- _What is required_
Return the records exactly as they stand, and keep the pictures out of the copy.

- _Recorded data_
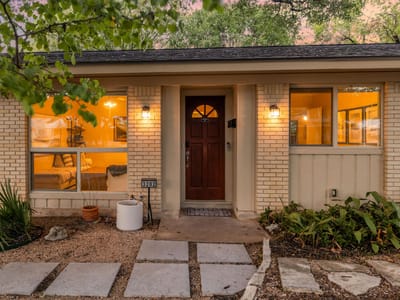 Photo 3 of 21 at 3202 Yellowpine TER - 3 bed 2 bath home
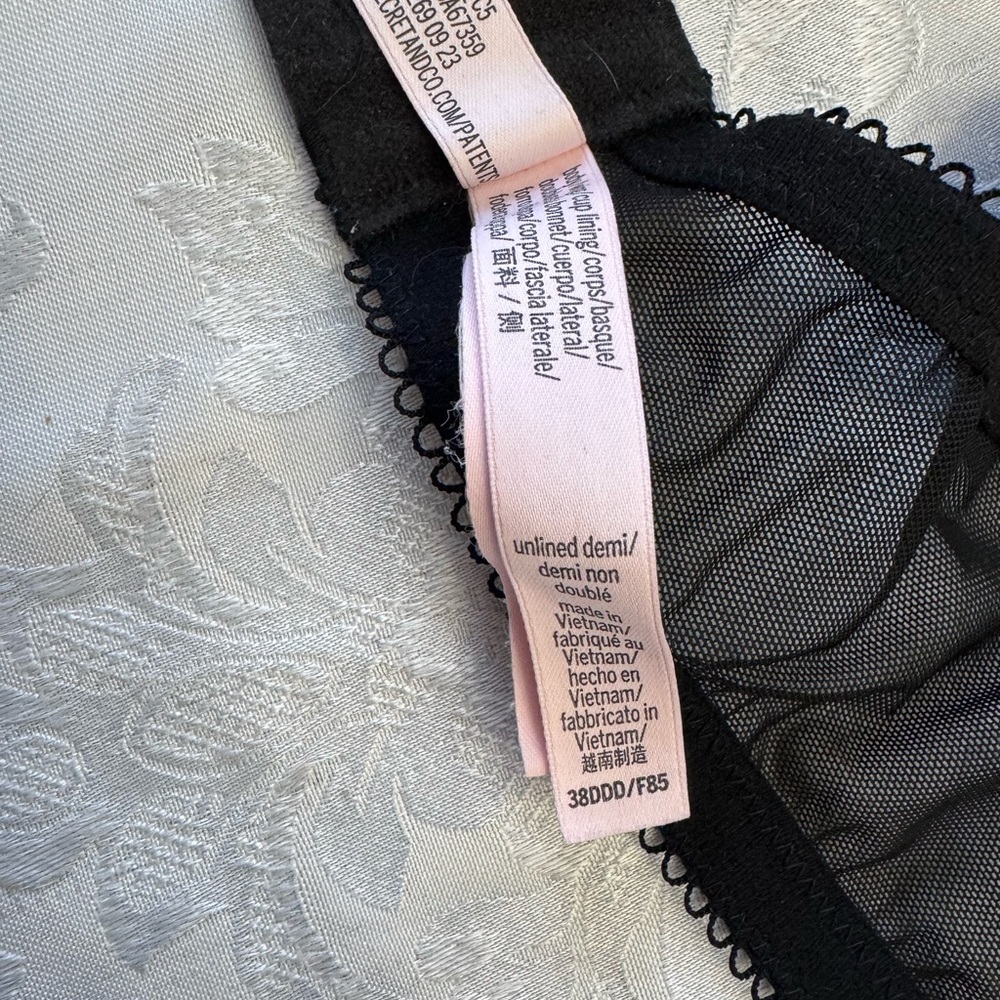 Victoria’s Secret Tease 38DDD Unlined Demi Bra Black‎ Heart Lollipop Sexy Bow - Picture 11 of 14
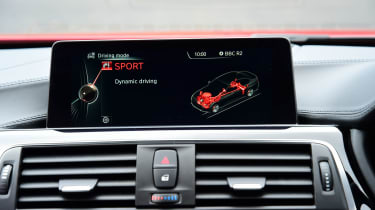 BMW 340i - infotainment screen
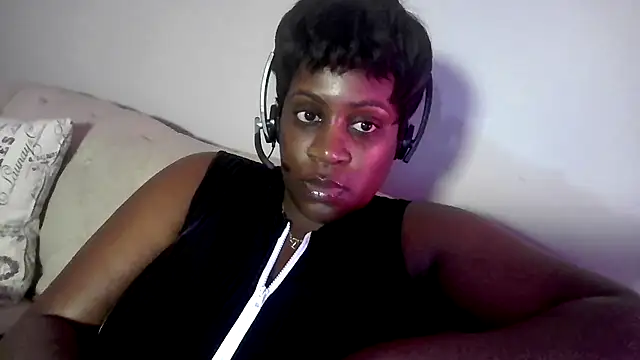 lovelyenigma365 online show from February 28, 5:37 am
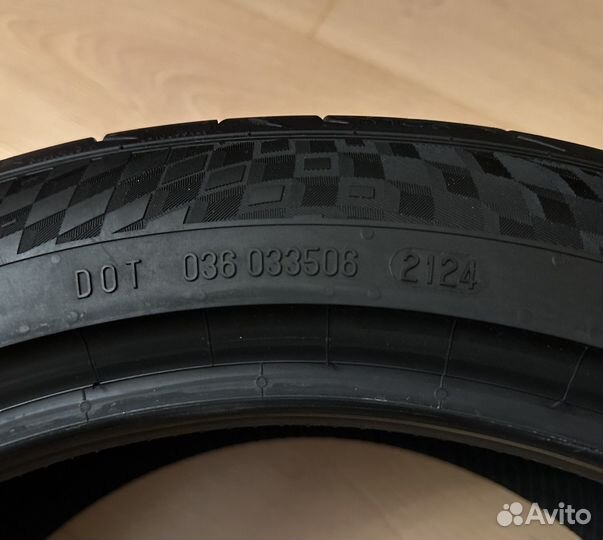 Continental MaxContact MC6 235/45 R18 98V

- _Answer box_
 Photo 3 of 21 at 3202 Yellowpine TER - 3 bed 2 bath home
 Victoria’s Secret Tease 38DDD Unlined Demi Bra Black‎ Heart Lollipop Sexy Bow - Picture 11 of 14
 BMW 340i - infotainment screen
 lovelyenigma365 online show from February 28, 5:37 am
 Continental MaxContact MC6 235/45 R18 98V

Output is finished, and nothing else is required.